Clutter, Declutter, and Mental Health

By: Nick Ma

Did you know January is National Get Organized Month? Nick walks us through its origins, the kinds of clutter, how to declutter, and how it all relates to mental health.

Content warning: decluttering, clutter

Origins

The National Association of Professional Organizers (NAPO) came up with the idea of “National Get Organized Month” in 2005 to promote the hiring of professional organizers. In most cases, hiring a professional organizer is not something an individual needs, but we can all benefit from having a clean, organized space to help clear up some of anxiety and stress.

Clutter and Mental Health

Having less clutter is about freeing up space to be more productive so we focus on living a balanced life.

Scientists have long studied the effects of clutter on our mental state. There is ample research correlating stress with clutter. A great article from Psychology Today highlights some key points.

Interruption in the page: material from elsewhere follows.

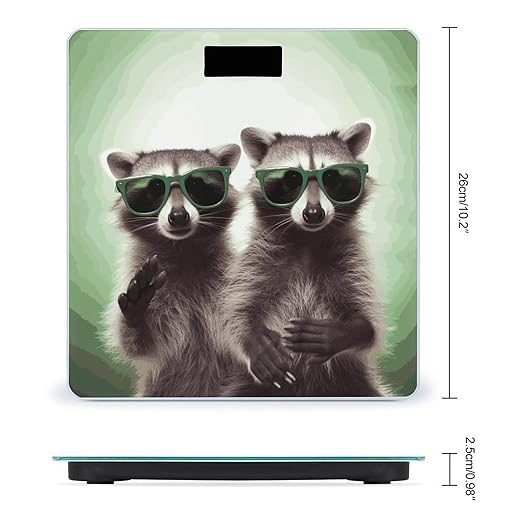Funny Raccoon Green Sunglasses Weight Scale Digital Electronic Scales Bathroom Scale Larg LCD Backlight Display High Precision MeasurementsTempered Glass
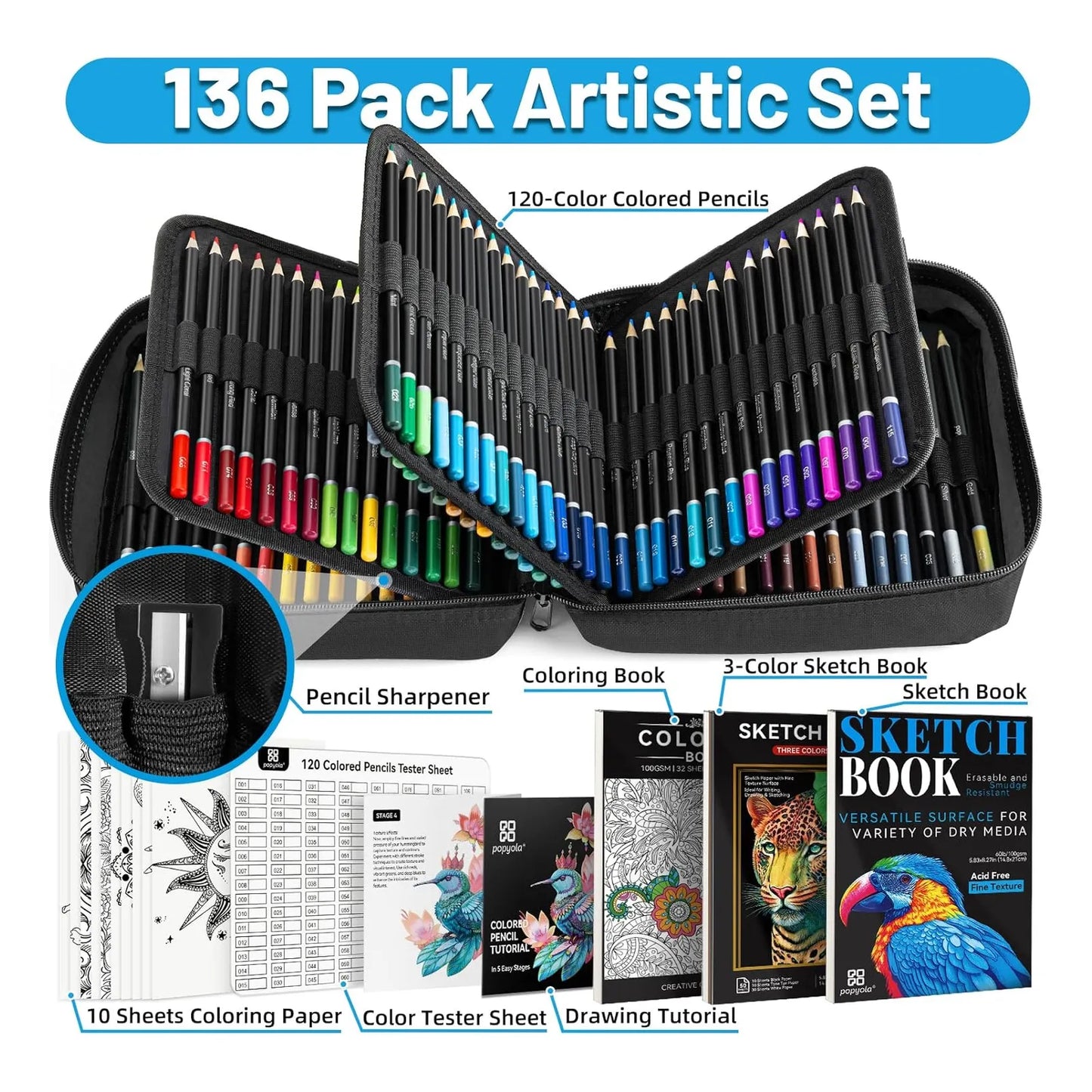 Set Completo De Arte Popyola 136 Lápices Colores Estuche Accesorios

Why does mess lead to so much stress?

  1. Clutter bombards our minds with excessive stimuli (visual, olfactory, tactile), causing our senses to work overtime on stimuli that aren’t necessary or important.
  2. Clutter distracts us by drawing our attention away from what our focus should be on.
  3. Clutter makes it more difficult to relax, both physically and mentally.
  4. Clutter constantly signals to our brains that our work is never done.
  5. Clutter makes us anxious because we’re never sure what it’s going to take to get through to the bottom of the pile.
  6. Clutter creates feelings of guilt (“I should be more organized”) and embarrassment, especially when others unexpectedly drop by our homes or workspaces.
  7. Clutter inhibits creativity and productivity by invading the open spaces that allow most people to think, brainstorm, and problem solve.
  8. Clutter frustrates us by preventing us from locating what we need quickly (e.g. files and paperwork lost in the “pile” or keys swallowed up by the clutter).

Scared? Well don’t worry, that’s only physical clutter. Did we mention that mental clutter is a thing as well?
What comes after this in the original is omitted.